PROBLEM STATEMENT:
Return only this: the line with "5534-5564 Skyline Rd S — Photo 52" and all the lines that follow it below, through the final one, exactly as they are.
*** Block opens ***
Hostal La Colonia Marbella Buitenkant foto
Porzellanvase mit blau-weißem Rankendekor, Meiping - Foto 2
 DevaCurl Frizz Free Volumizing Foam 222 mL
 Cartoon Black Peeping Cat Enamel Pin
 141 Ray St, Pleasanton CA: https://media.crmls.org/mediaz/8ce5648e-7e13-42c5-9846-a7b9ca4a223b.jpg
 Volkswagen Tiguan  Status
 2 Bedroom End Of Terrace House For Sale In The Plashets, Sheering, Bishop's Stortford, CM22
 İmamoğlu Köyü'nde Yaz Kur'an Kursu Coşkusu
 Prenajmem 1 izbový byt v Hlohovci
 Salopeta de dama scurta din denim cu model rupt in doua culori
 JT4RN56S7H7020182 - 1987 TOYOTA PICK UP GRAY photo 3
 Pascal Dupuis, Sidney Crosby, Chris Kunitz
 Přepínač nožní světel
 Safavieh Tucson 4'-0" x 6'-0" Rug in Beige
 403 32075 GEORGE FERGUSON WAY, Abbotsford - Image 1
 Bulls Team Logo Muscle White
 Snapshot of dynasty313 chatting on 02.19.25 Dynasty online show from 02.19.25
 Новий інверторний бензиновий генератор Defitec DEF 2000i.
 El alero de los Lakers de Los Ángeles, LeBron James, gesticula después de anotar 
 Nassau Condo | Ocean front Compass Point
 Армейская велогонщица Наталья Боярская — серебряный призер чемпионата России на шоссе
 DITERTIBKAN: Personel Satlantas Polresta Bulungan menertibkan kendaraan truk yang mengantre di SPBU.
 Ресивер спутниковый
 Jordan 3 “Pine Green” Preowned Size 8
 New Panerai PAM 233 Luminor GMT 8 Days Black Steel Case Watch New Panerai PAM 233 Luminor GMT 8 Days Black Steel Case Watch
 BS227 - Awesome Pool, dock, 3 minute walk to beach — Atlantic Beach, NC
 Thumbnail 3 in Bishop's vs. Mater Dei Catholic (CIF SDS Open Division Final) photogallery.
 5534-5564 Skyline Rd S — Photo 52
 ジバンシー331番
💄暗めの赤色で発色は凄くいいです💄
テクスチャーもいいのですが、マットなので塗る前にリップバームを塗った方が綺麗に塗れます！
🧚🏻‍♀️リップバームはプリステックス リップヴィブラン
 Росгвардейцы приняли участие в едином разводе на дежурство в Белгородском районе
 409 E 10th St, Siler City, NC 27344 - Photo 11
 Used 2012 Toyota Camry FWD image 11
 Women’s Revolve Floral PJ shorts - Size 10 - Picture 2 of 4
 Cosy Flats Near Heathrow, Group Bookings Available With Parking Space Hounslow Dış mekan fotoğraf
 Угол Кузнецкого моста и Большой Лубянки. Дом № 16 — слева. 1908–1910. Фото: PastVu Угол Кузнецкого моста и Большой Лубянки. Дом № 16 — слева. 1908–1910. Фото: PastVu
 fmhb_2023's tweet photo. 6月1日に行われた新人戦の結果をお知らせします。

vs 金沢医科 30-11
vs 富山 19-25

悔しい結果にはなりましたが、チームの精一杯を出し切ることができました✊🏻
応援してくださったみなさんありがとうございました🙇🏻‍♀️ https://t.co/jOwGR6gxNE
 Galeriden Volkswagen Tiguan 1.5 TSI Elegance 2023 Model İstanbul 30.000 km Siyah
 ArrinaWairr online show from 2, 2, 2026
*** Block closes ***
ANSWER FOR THIS EXERCISE:
 5534-5564 Skyline Rd S — Photo 52
 ジバンシー331番
💄暗めの赤色で発色は凄くいいです💄
テクスチャーもいいのですが、マットなので塗る前にリップバームを塗った方が綺麗に塗れます！
🧚🏻‍♀️リップバームはプリステックス リップヴィブラン
 Росгвардейцы приняли участие в едином разводе на дежурство в Белгородском районе
 409 E 10th St, Siler City, NC 27344 - Photo 11
 Used 2012 Toyota Camry FWD image 11
 Women’s Revolve Floral PJ shorts - Size 10 - Picture 2 of 4
 Cosy Flats Near Heathrow, Group Bookings Available With Parking Space Hounslow Dış mekan fotoğraf
 Угол Кузнецкого моста и Большой Лубянки. Дом № 16 — слева. 1908–1910. Фото: PastVu Угол Кузнецкого моста и Большой Лубянки. Дом № 16 — слева. 1908–1910. Фото: PastVu
 fmhb_2023's tweet photo. 6月1日に行われた新人戦の結果をお知らせします。

vs 金沢医科 30-11
vs 富山 19-25

悔しい結果にはなりましたが、チームの精一杯を出し切ることができました✊🏻
応援してくださったみなさんありがとうございました🙇🏻‍♀️ https://t.co/jOwGR6gxNE
 Galeriden Volkswagen Tiguan 1.5 TSI Elegance 2023 Model İstanbul 30.000 km Siyah
 ArrinaWairr online show from 2, 2, 2026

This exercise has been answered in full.